A proposed Texas law would promote correcting incorrect news, online and off

If passed, the bill would require a plaintiff give publishers the opportunity to correct, clarify, or withdraw false information in order to receive punitive damages in a defamation lawsuit — and it would apply to online media.


digital-media-law-project-dmlp-cmlpEditor’s note: Our friends at Harvard’s Digital Media Law Project — recently renamed from the Citizen Media Law Project — noted a bill in Texas that could have significant implications for what happens when false information is published online — whether by a news organization or by a private citizen. We thought you’d be interested, so we’re republishing it here. (See the original article here.)

Texas State Representative Todd Hunter, R-Corpus Christi, has proposed a “retraction statute” that, if passed, will protect journalists both online and offline and promote truth and efficiency both in and out of court.

The Freedom of Information Foundation of Texas and the Texas Press Association assisted Hunter in drafting Texas House Bill 1759 (HB 1759), which would require a prospective plaintiff to give a publisher an opportunity to correct, clarify, or withdraw false content before filing a defamation lawsuit. Under the proposed law, a request for such a correction must be made within a year of the publication and within 90 days of the plaintiff becoming aware of the publication. If the request is granted, and a correction, clarification, or retraction is published “with a prominence and in a manner and medium reasonably likely to reach substantially the same audience as the publication complained of,” the plaintiff cannot be awarded punitive damages in a defamation suit.

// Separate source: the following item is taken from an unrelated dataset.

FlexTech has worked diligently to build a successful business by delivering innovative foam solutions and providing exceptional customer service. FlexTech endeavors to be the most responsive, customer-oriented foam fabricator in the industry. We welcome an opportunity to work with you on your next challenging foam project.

A publisher who has been asked to make a correction may also ask the person making the request to provide “reasonably available information regarding the falsity of the allegedly defamatory statement.” The requestor “must” provide the information within 30 days or be barred from seeking punitive damages in court.

If passed, HB 1759 will promote truth in publication. It will encourage subjects to contact publishers who may have gotten something wrong, encourage publishers to listen to and engage with subjects complaining of inaccuracies, and lead to corrections or clarifications in cases where a publisher determines one is necessary, which will provide the public more accurate information. Out of court resolution would also promote the interests of the judicial system by lessening the burden on courts, which are overburdened with ever-increasing caseloads.

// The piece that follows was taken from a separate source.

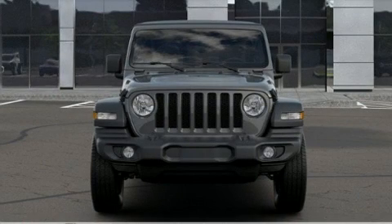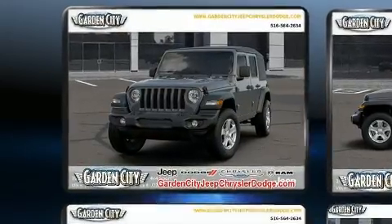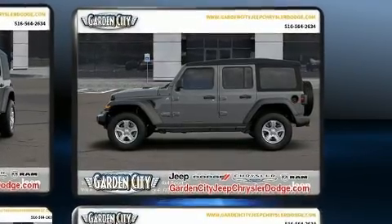Load your family into the 2020 Jeep Wrangler. All of the premium features expected of a Jeep are offered, including a tachometer, a leather steering wheel, front fog lights, skid plates, remote keyless entry, and power windows.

This out-of-court dispute resolution provides a stark contrast to defamation lawsuits, which, once filed, encourage publishers and subjects to stick to their guns and fight it out in a winner-take-all battle that is unlikely to benefit any party. At that point, publishers typically adamantly support their legal right to publish what they have published in order to avoid liability, rather than considering extra-legal considerations like fairness and accuracy. Defendants can also accrue serious expenses putting on a legal defense for even a frivolous suit. By requiring plaintiffs to seek a correction and reducing available damages if a correction is made, Texas will deter plaintiffs from filing defamation suits and therefore reduce the potential chilling effects of such suits (Texas has already expressed its commitment to preventing such chilling by passing a strong anti-SLAPP statute).

Additionally, given the strong First Amendment protection for speech, which requires that actionable defamatory statements be made at least negligently (Gertz v. Robert Welch, Inc.), and in many cases with actual malice (New York Times Co. v. Sullivan), plaintiffs often expend significant resources and are ultimately unsuccessful in obtaining damages or compelling publishers to remove even factually false content. Encouraging publishers and subjects to resolve disputes outside of court therefore has significant benefits for defendants, plaintiffs, and the public.

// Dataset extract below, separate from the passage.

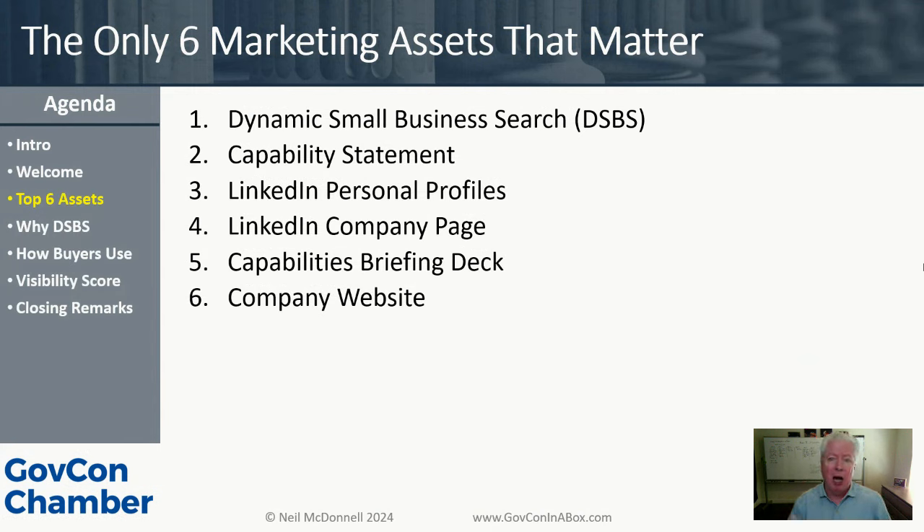Number four is the LinkedIn company page. This is where I'm looking at your company and asking: does it look like a real company? Is there credibility behind the person requesting a meeting? When somebody lands on your personal profile or company page, they're able to quickly — in seconds — learn enough about you to say yes, no, or refer you to someone. We have whole trainings on those kinds of things as well.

Given the broad benefits of Texas’ proposed retraction law, it is especially positive that the bill explicitly protects online speech by both media and non-media defendants. It “applies to all publications, including writing, broadcasts, oral communications, electronic communications, or other forms of transmitting information.” In a case regarding online content a correction, clarification, or retraction is published with appropriate prominence and in an appropriate manner and medium if it is appended to the original publication.

Many of the approximately 30 states that already have retraction statutes on the books do not currently protect online speech. For example, Wisconsin’s retraction law only applies to “newspapers, magazines, and periodicals.” And in It’s in the Cards, Inc. v. Fuschetto, the Wisconsin Court of Appeals held that this language did not apply to the Internet, leaving the “legislature to address the increasingly common phenomenon of libel and defamation on the information superhighway.” The Mississippi statute refers to “a newspaper…radio or television station,” and has not been interpreted to apply to online publications. Similarly, the California retraction statute covers “publication of a libel in a newspaper, or of a slander by radio broadcast.” California courts have not addressed whether the statute could apply to online speech but have interpreted the statute narrowly; In Condit v. Nat’l Enquirer, Inc., a federal court in California held that the statute’s protections “are limited to publications which engage in the immediate dissemination of news.”

In other states, courts have applied statutes that do not expressly cover the internet to online speech. For example, in Alvi Armani Med., Inc. v. Hennessey, a court applied Florida’s retraction law, which applies to “publication or broadcast, in a newspaper, periodical, or other medium,” to online speech, though it implied that the statute might not cover an individual online speaker rather than a company “which provides information to the consumer public.”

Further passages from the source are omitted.